For the aforesaid reasons, it is

ORDERED that Count I is dismissed. It is further

ORDERED that the court abstains from hearing Count II, to the extent that Count II is not being treated as an objection to claim, and Count III. It is further

ORDERED that the automatic stay of 11 U.S.C. § 362(a) is modified:

(1) to permit the Superior Court to enter any order under Superior Court Rule of Civil Procedure 54(b) to make the Superior Court's dismissal of the claims as to which this court is abstaining (claims already decided by the Superior Court) final appealable orders; and (2) to permit the debtor, Karen Susan Richardson, to pursue an appeal of the dismissal of those claims once the dismissal of those claims becomes a final appealable order.

FootNotes


1. The terms of the Note were modified by a Loan Modification Agreement between Richardson and Ocwen.
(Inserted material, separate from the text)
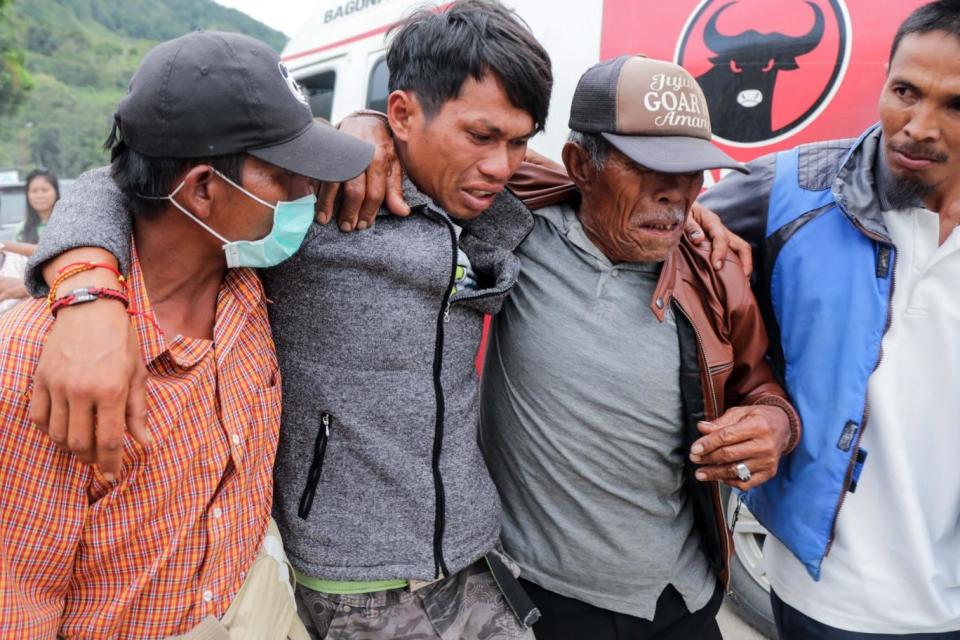 A person, who survived from a boat's sinking in Lake Toba, is helped by relatives (EPA)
In referring to obligations under the Note, I mean the obligations under the Note as modified by the Loan Modification Agreement.
2. Nationstar also contended that the claims should be dismissed for failure to join Ocwen as a necessary party, but the court rejected this argument.
3. In that regard, I hereby correct the first sentence of the last paragraph on page 4 of the Memorandum Decision and Order re Dismissal or Abstention Regarding Certain Claims (Dkt. No. 24 entered on May 25, 2018) to read: Nationstar's complaint in the Superior Court requested that the Superior Court "enumerate all amounts due to Plaintiff pursuant to said Note and Deed of Trust," but the Superior Court did not enter an order in regard to that request.

As I explained, that was because the Superior Court "was able to decree that judicial foreclosure sale was appropriate without resolving an accounting issue Richardson raised as a defense. . . ." Id. Richardson has not sought relief from the automatic stay of 11 U.S.C. § 362(a) in order to prosecute her pending appeal of that decree.